TASK BRIEF: For the records below, copy exactly the span that begins at the line containing "22 O’Neills Road, Lakes Entrance VIC 3909" and stops after the line containing "Tiffany & Co. Jewelry", minus any pictures.

[Brief descriptive captions]
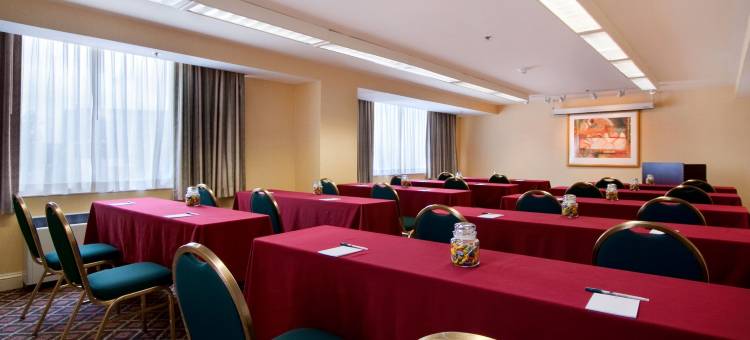 希尔顿福尔斯彻奇Homewood酒店(Homewood Suites by Hilton Falls Church-I-495 @ Rt. 50)图片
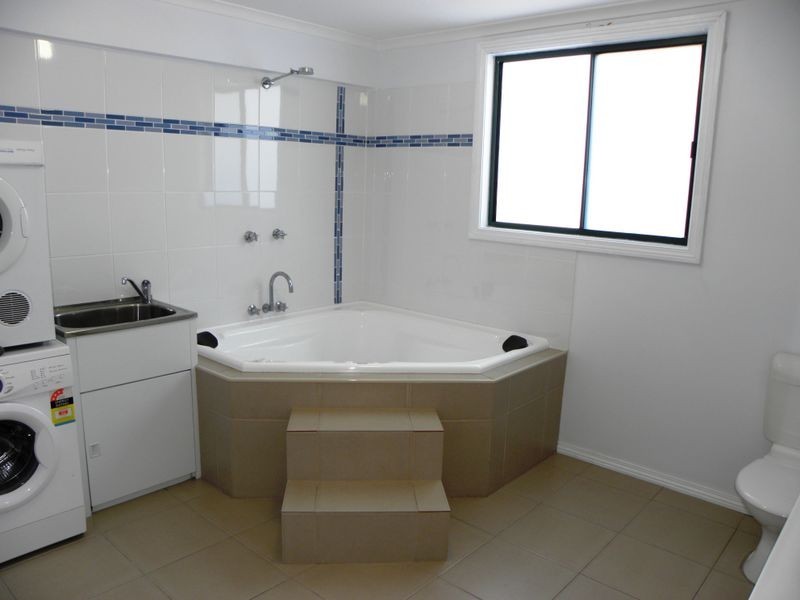 22 O’Neills Road, Lakes Entrance VIC 3909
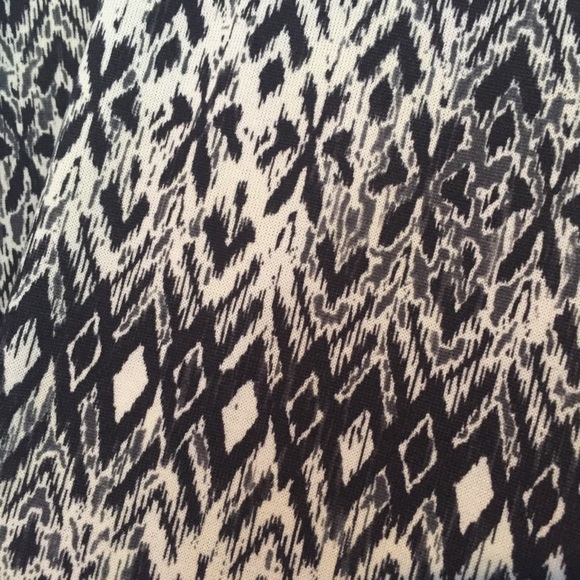 Madison Leigh trapeze dress w/infinity scarf - Picture 6 of 6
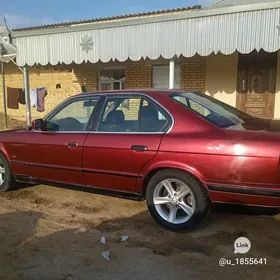 BMW 520 1990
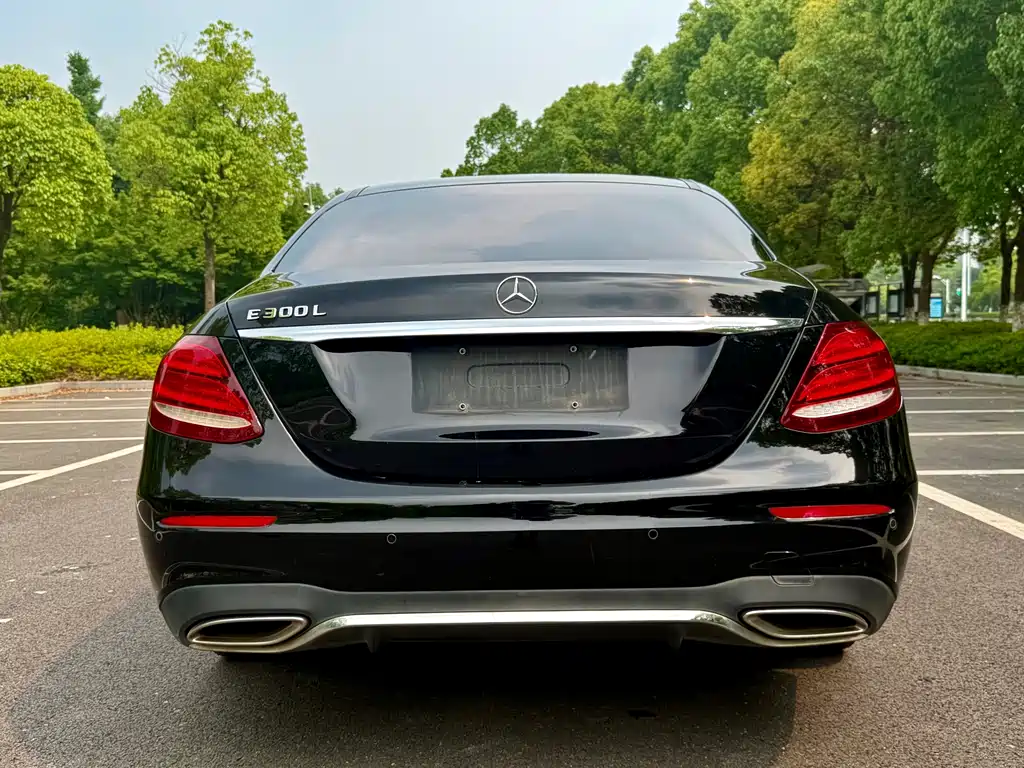 Mercedes-Benz E-Class 2019
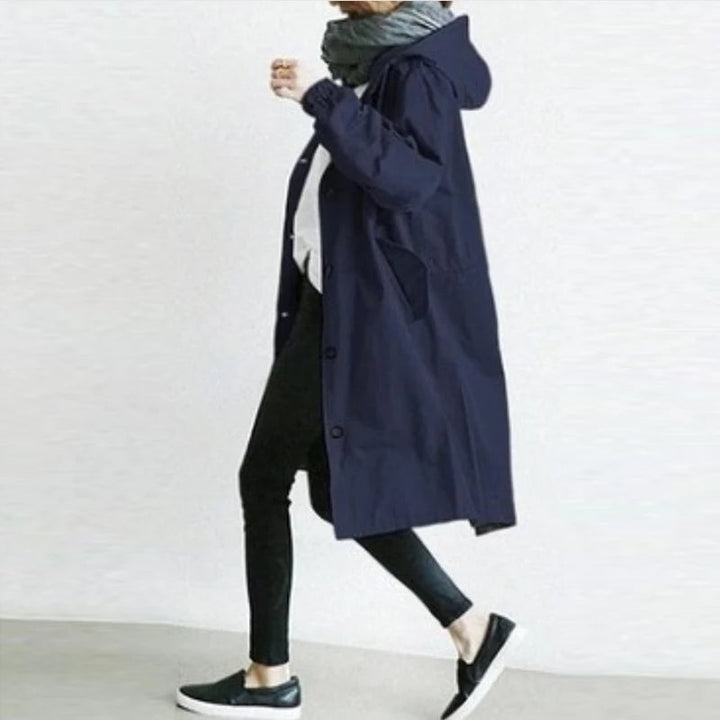 "Elegant vindresistent trenchcoat för kvinnor med justerbar passform. Perfekt för alla väder och stiliga tillfällen."
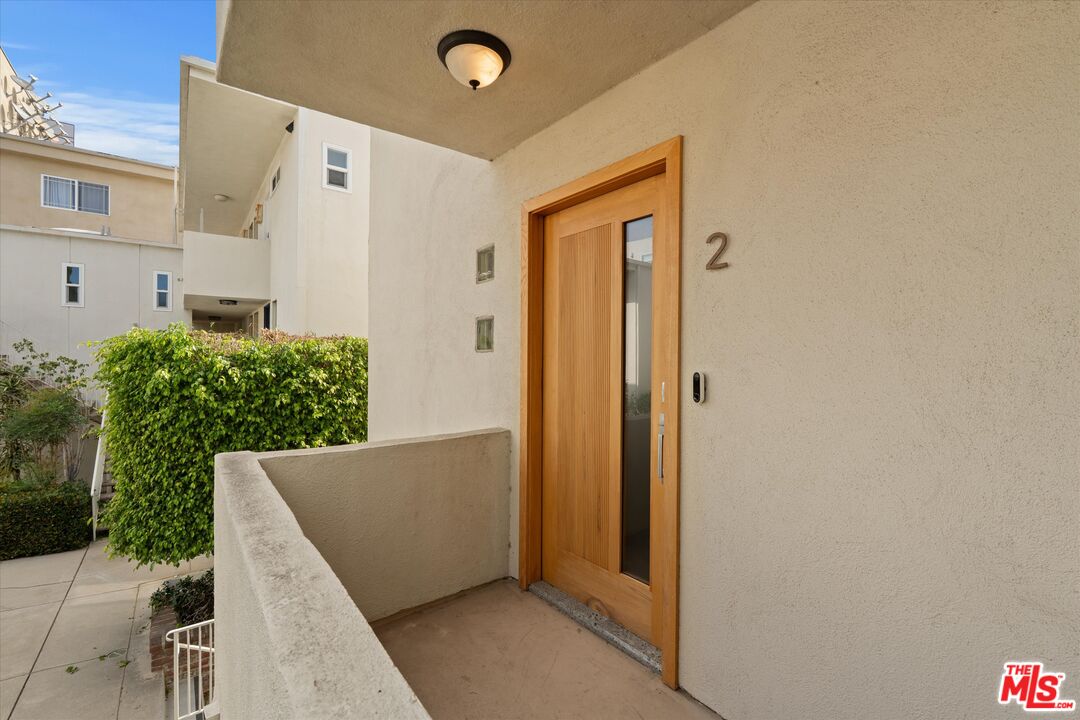 11925 Mayfield Ave Unit: 2
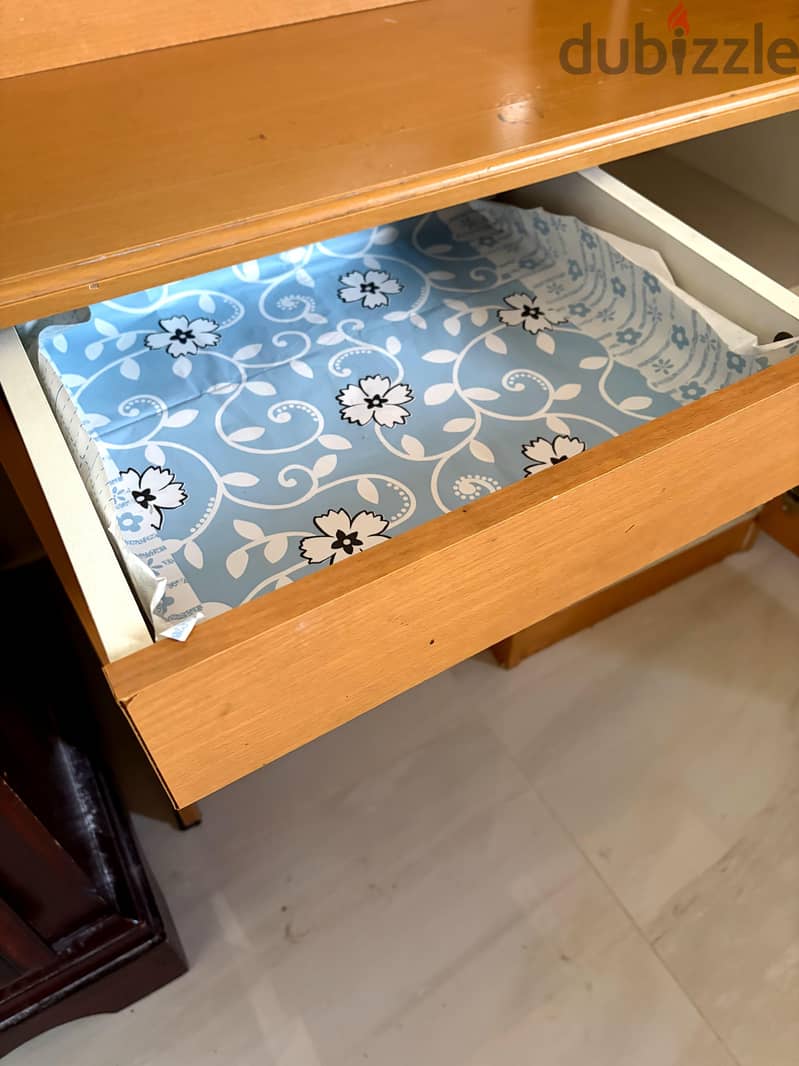 Dressing table for sale 1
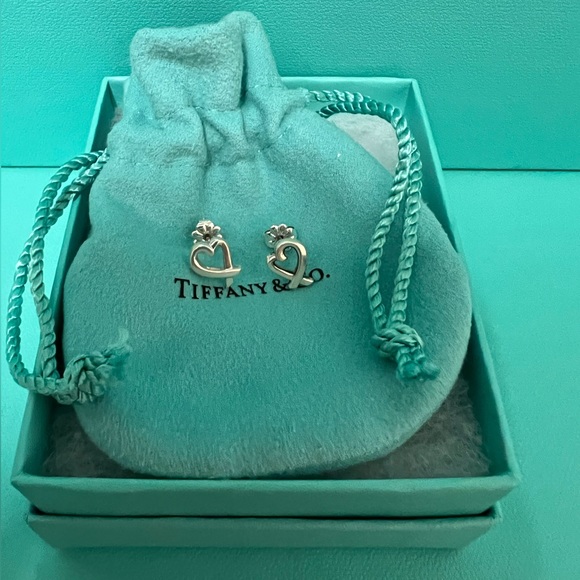 Tiffany & Co. Jewelry - 🌸🌸 Authentic Tiffany & Co. Paloma Picasso Sterling Silver Loving Heart E…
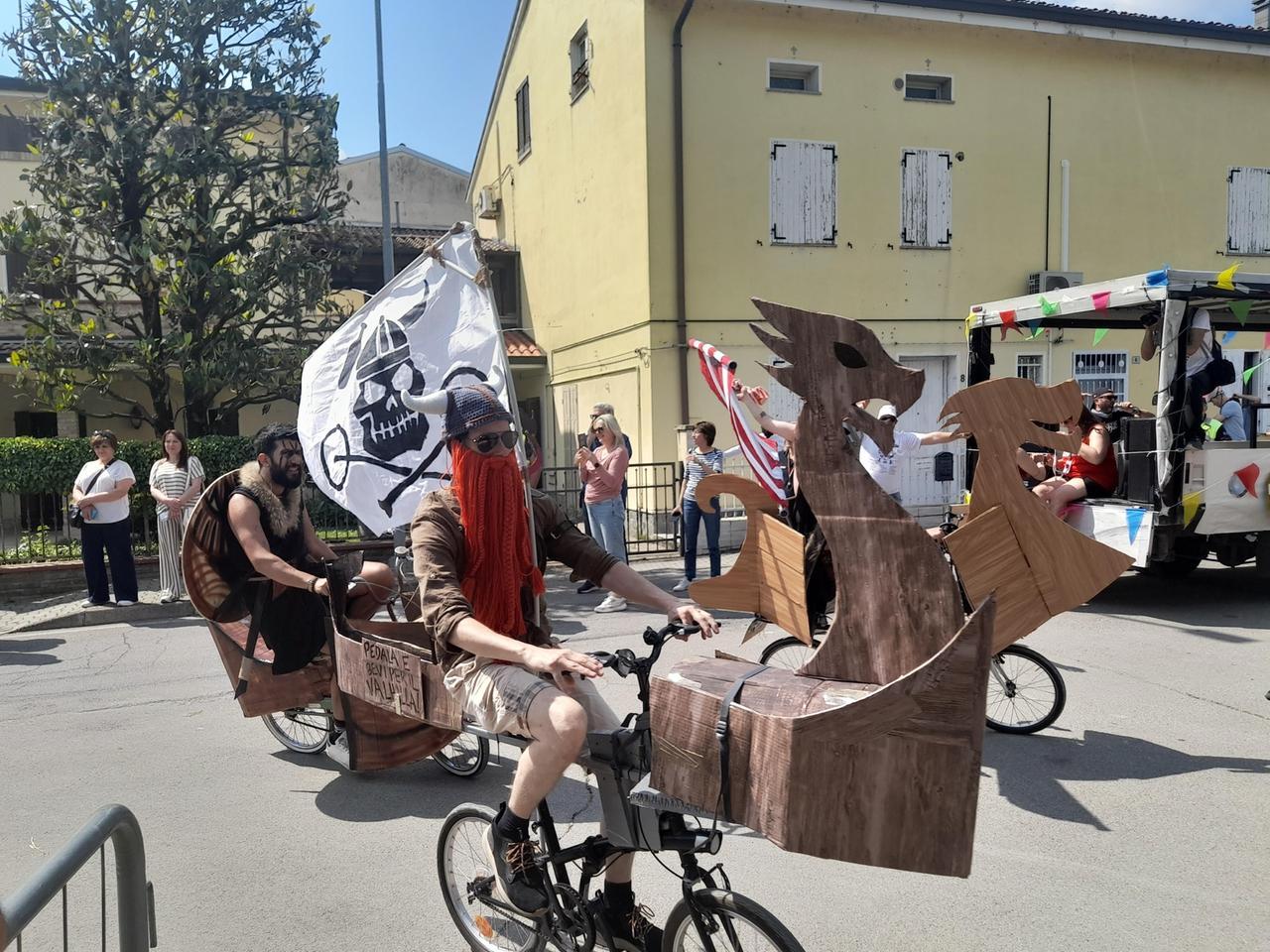 
	I vichinghi "invadono" le strade di Soliera per la Balorda

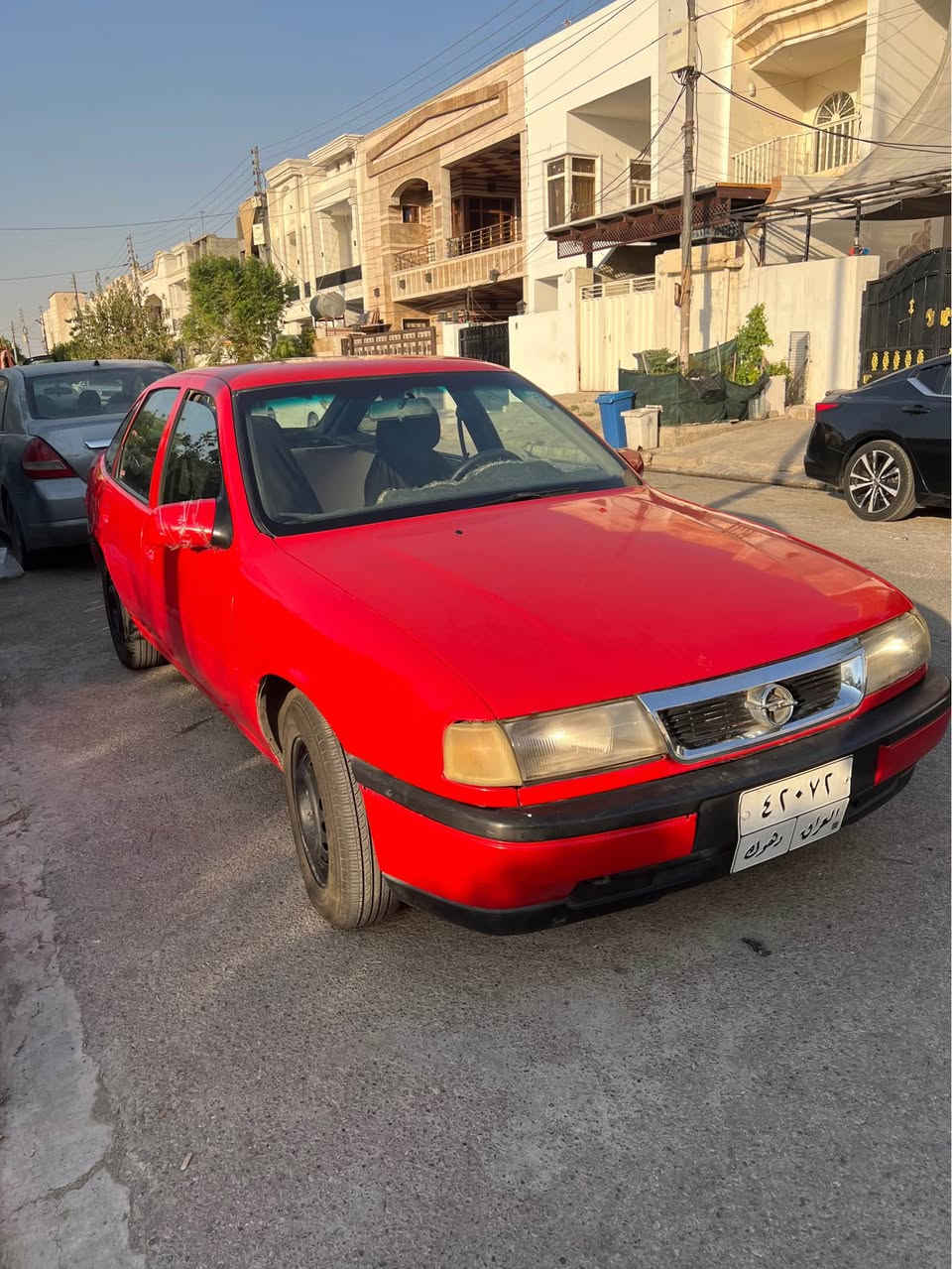 ئۆپل ڤیکترە 
مەکینە١٨گیر عادی سبوغ عام تەنها پیشی کەمیک لیدراوە  سەیارەیکئ زۆر توند وتۆل و بی مەسروفە. هەزەو سەنەوی تازە بەسەر چوە  نرخی٣٤وەرەقە و مەجال کەم
*********** أربيل, العراق
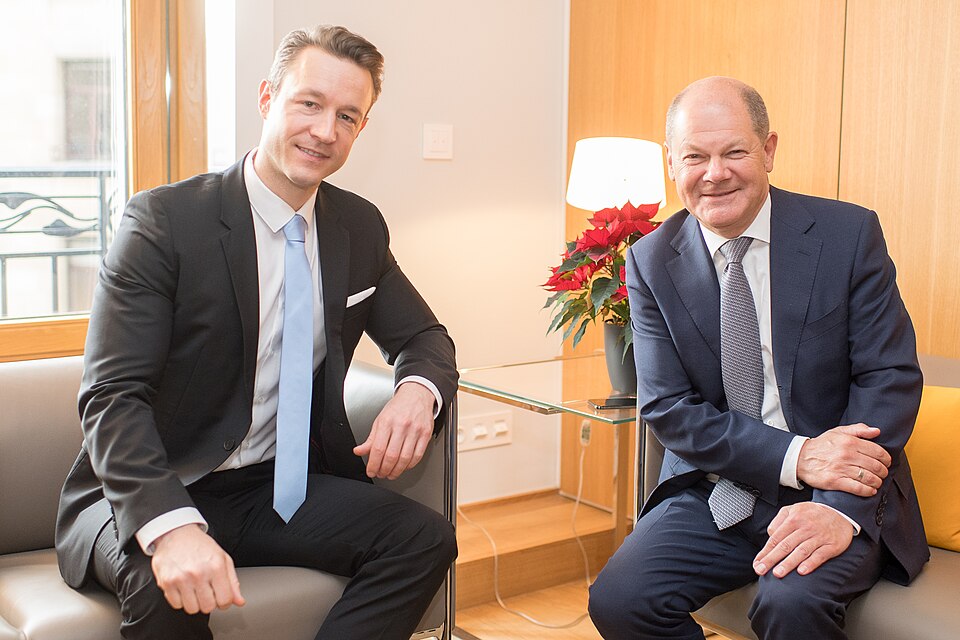 File:Finanzminister Gernot Blümel in Brüssel (49417807823).jpg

RESPONSE:
 22 O’Neills Road, Lakes Entrance VIC 3909
 Madison Leigh trapeze dress w/infinity scarf - Picture 6 of 6
 BMW 520 1990
 Mercedes-Benz E-Class 2019
 "Elegant vindresistent trenchcoat för kvinnor med justerbar passform. Perfekt för alla väder och stiliga tillfällen."
 11925 Mayfield Ave Unit: 2
 Dressing table for sale 1
 Tiffany & Co. Jewelry - 🌸🌸 Authentic Tiffany & Co. Paloma Picasso Sterling Silver Loving Heart E…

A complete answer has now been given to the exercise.